*PROBLEM*: Go through the listing below and retype exactly the lines starting at the one with "Clover Clover 63877679" and ending at the one with "Estrovital Intim, 30 capsule, Cosmo Pharm", skipping pictures.

*EXCERPTED RECORDS*:
════════
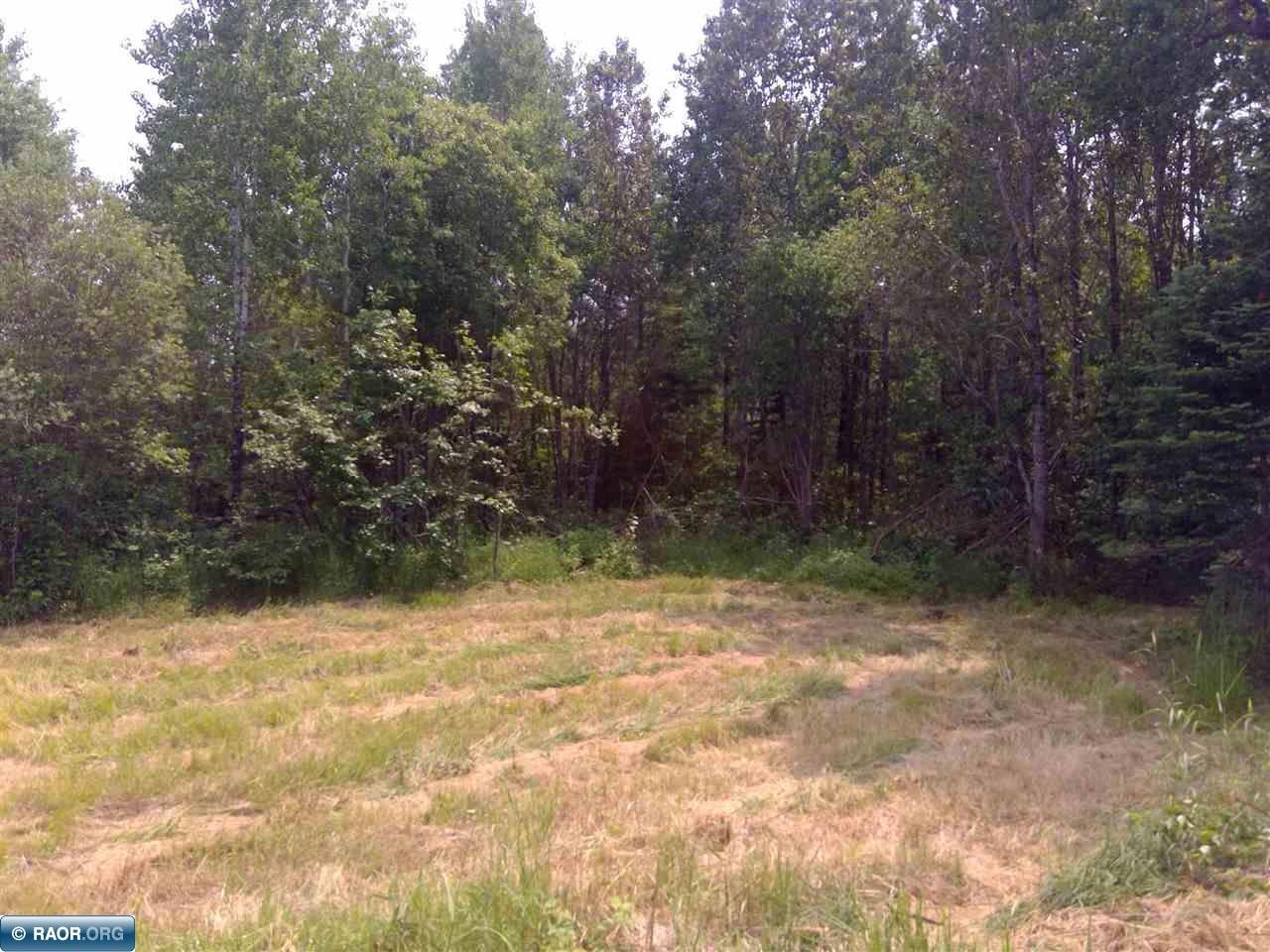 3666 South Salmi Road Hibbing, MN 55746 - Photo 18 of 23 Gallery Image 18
════════
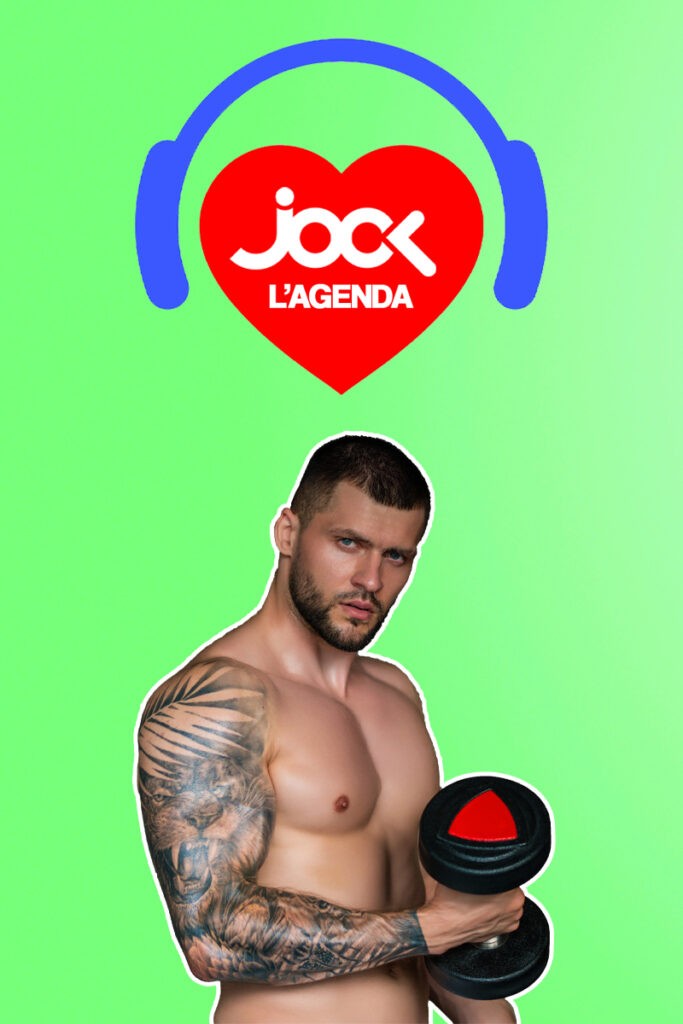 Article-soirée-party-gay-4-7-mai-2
════════
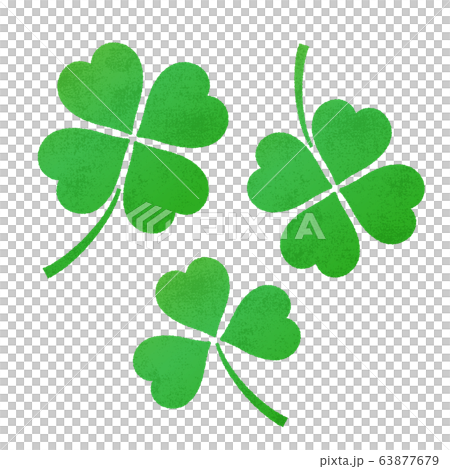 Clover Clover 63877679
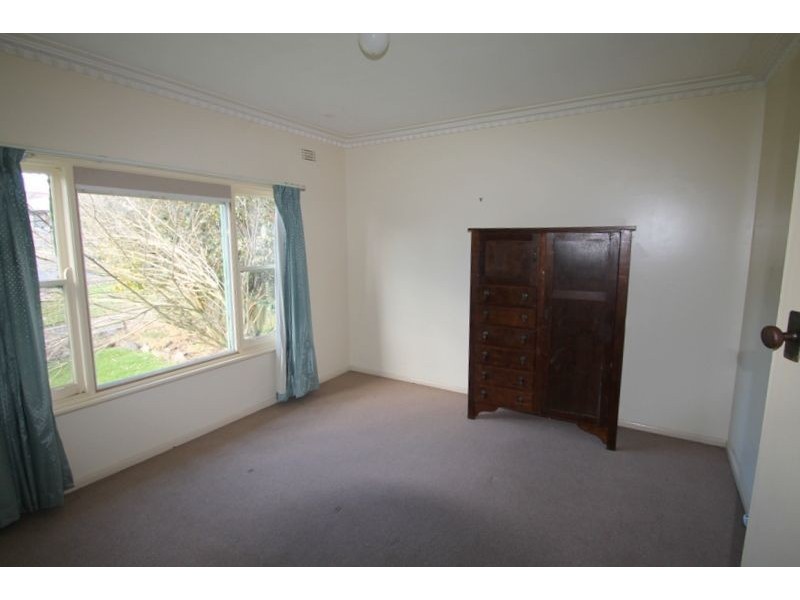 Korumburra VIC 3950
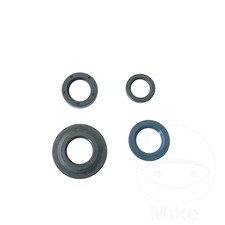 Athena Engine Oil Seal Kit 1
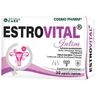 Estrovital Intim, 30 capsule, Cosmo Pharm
════════
*SOLUTION BELOW*:
 Clover Clover 63877679
 Korumburra VIC 3950
 Athena Engine Oil Seal Kit 1
 Estrovital Intim, 30 capsule, Cosmo Pharm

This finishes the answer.